I tried to add a dummy int64 id field also
message TransactionEvent {
int64 id = 1;
oneof event {
CreditTransaction credit = 2;
DebitTransaction debit = 3;
Trade trade = 4;
....
..# other fields
}
};
but still the same error.
Code I am using:
def parse_protobuf_from_bytes(msg_bytes):
msg = schema_pb2.MarketDataEvent()
msg.ParseFromString(msg_bytes)
eventStr = msg.WhichOneof("event")
if eventStr=="credit":
# some code
elif eventStr=="debit":
# some code
return str(concatenatedFieldsValue)
parse_protobuf = udf(lambda x: parse_protobuf_from_bytes(x), StringType())
kafka_conf = {
"kafka.bootstrap.servers": "kafka.broker.com:9092",
"checkpointLocation": "/user/aiman/checkpoint/kafka_local/transactions",
"subscribe": "TRANSACTIONS",
"startingOffsets": "earliest",
"enable.auto.commit": False,
"value.deserializer": "ByteArrayDeserializer",
"group.id": "my-group"
}
df = spark.readStream \
.format("kafka") \
.options(**kafka_conf) \
.load()
data = df.selectExpr("offset","CAST(key AS STRING)", "value") \
.withColumn("event", parse_protobuf(col("value")))
df2 = data.select(col("offset"),col("event"))

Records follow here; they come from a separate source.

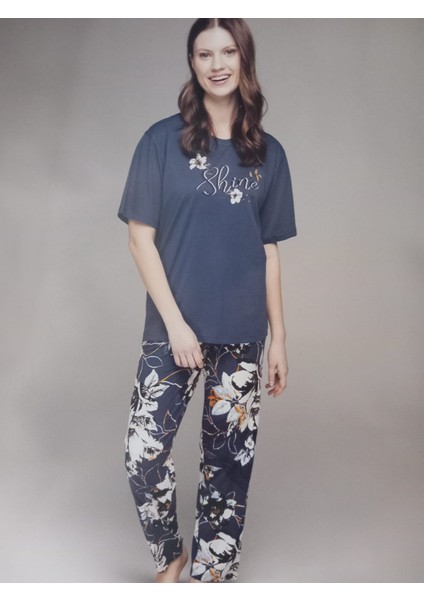 Büyük Beden Kısa Kollu Kadın Pijama Takımı 2434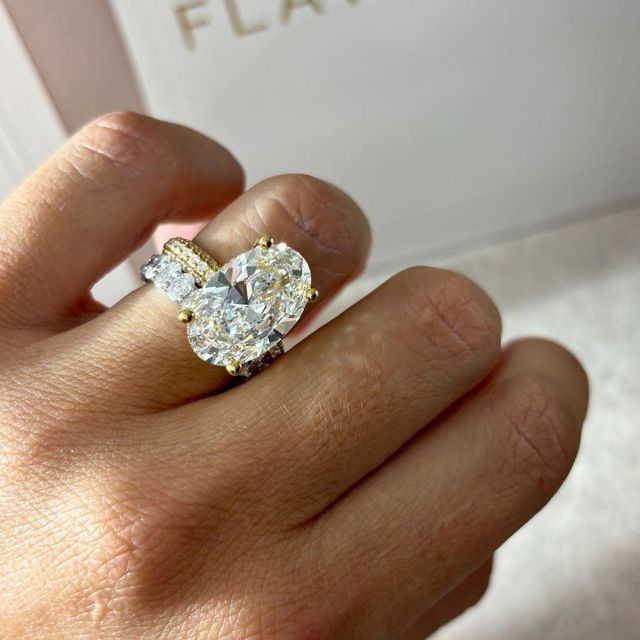 7.00 Carat Oval Hidden Halo Diamond Band Yellow Gold Engagement Ring - Ishq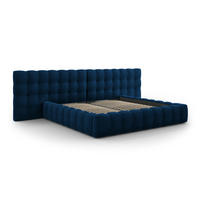 BETT mit Bettkasten und Doppelkopfteil Mamaia aus Samt königsblau 200x200cm - Blau, Textil (200/200cm) - Micadoni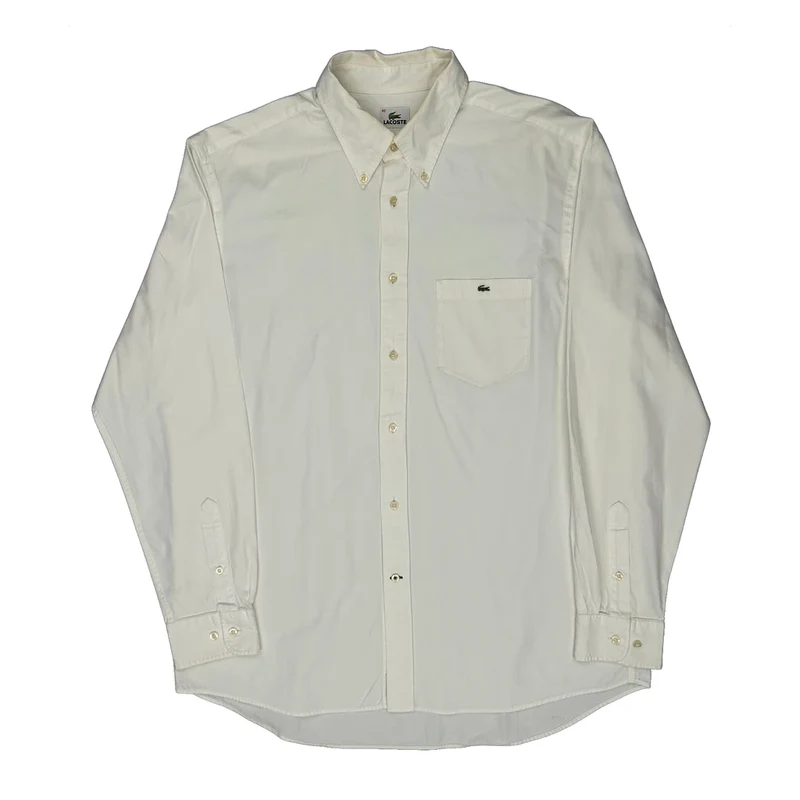 Button-Down Collar Lacoste Shirt - Large White Cotton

If I am just printing the bytes without parsing, I am getting this:
-------------------------------------------
Batch: 0
-------------------------------------------
+-------+-----------------------------------------------------------------------------------------------------------------------------------------------------------------------------------------------------------------------------------------------------------------------------------------------------------------------------------------------------------------------------------------------------------------------------------------------------------------------------------------------------------------------------+
|offset |event |
+-------+-----------------------------------------------------------------------------------------------------------------------------------------------------------------------------------------------------------------------------------------------------------------------------------------------------------------------------------------------------------------------------------------------------------------------------------------------------------------------------------------------------------------------------+
|7777777|bytearray(b'\x00\x00\x00\x00\xc2\x02\x0e\x1a]\n\x11RIOT_230120P35.00\x10\x80\xa6\xae\x82\xd9\xed\xf1\xfe\x16\x18\xcd\xd9\xd9\x82\xd9\xed\xf1\xfe\x16 \xe2\xf7\xd9\x82\xd9\xed\xf1\xfe\x16(\x95\xa2\xed\xff\xd9\xed\xf1\xfe\x160\x8c\xaa\xed\xff\xd9\xed\xf1\xfe\x168\x80\xd1\xb6\xc1\x0b@\xc0\x8d\xa3\xba\x0bH\x19P\x04Z\x02Q_b\x02A_') |
+-------+-----------------------------------------------------------------------------------------------------------------------------------------------------------------------------------------------------------------------------------------------------------------------------------------------------------------------------------------------------------------------------------------------------------------------------------------------------------------------------------------------------------------------------+